It doesn't seem to depend on what model they use or how they prompt it. In code, there seems to be a loose correlation with testing styles; I've previously noticed that some people write tests to show that the code works as intended, and others try to write tests to show that it can't fail in ways that were unintended. But that correlation is weak.
I'm really puzzled by this.
I mostly use it for boilerplate code nowadays. Anything more complicated and it takes me more effort to review the output than to just code it slowly
It kinda feels like Michigan J Claude sometimes.
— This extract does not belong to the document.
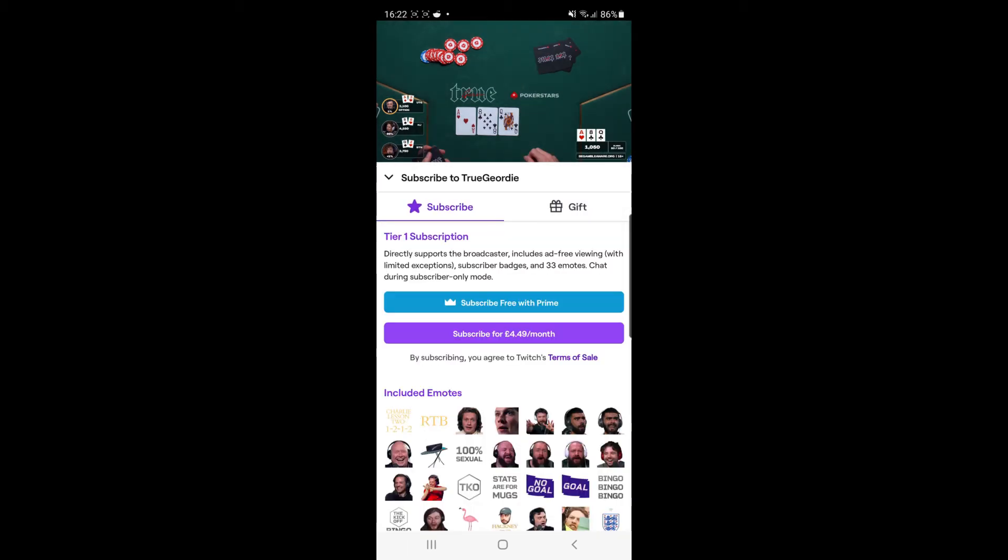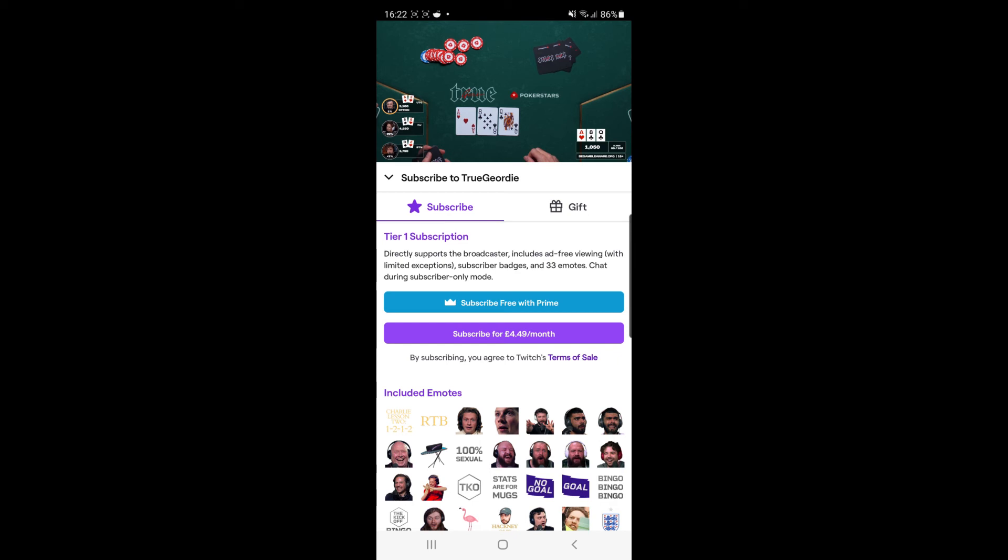click the subscribe button. Once you click the subscribe button, as you can see there are two options here. If you are a member of Amazon Prime, you can subscribe for free by linking your Twitch Prime over to your Amazon. But if not, you will have to subscribe for £4.49 per month. So as you can see, you can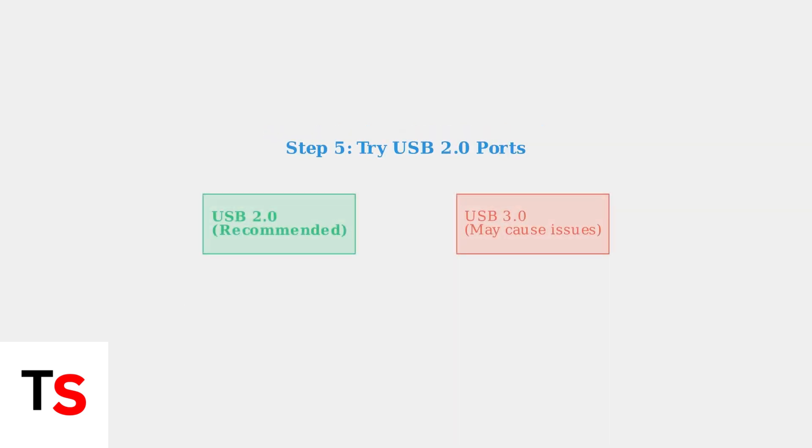Some users find that USB 2.0 ports work better than USB 3.0 for Blue Yeti microphones. If you have both available, test the microphone on USB 2.0 ports first.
But how is it impossible? Or rather, how is it possible to distinguish actual intelligence from some internet page--not "some random internet page", but some very well selected, timely and topical internet page?
Carly Simon's "Killing Me Softly" describes a similar experience, decades before LLMs. It's amazingly easy to feel like someone is understanding you when they are just pattern matching on a common shared experience.
This seems so likely that I have a hard time understanding why some people think it's impossible.
FWIW this is my own mental gymnastics around the Chinese Room; at some point the question "where is the understanding?" is moot, because if the Chinese Room reliably delivers context-specific correct results in unique contexts, then what more do we require of intelligence? I have to admit that sometimes it does better than I can do, and I've been called intelligent by intelligent people my whole life.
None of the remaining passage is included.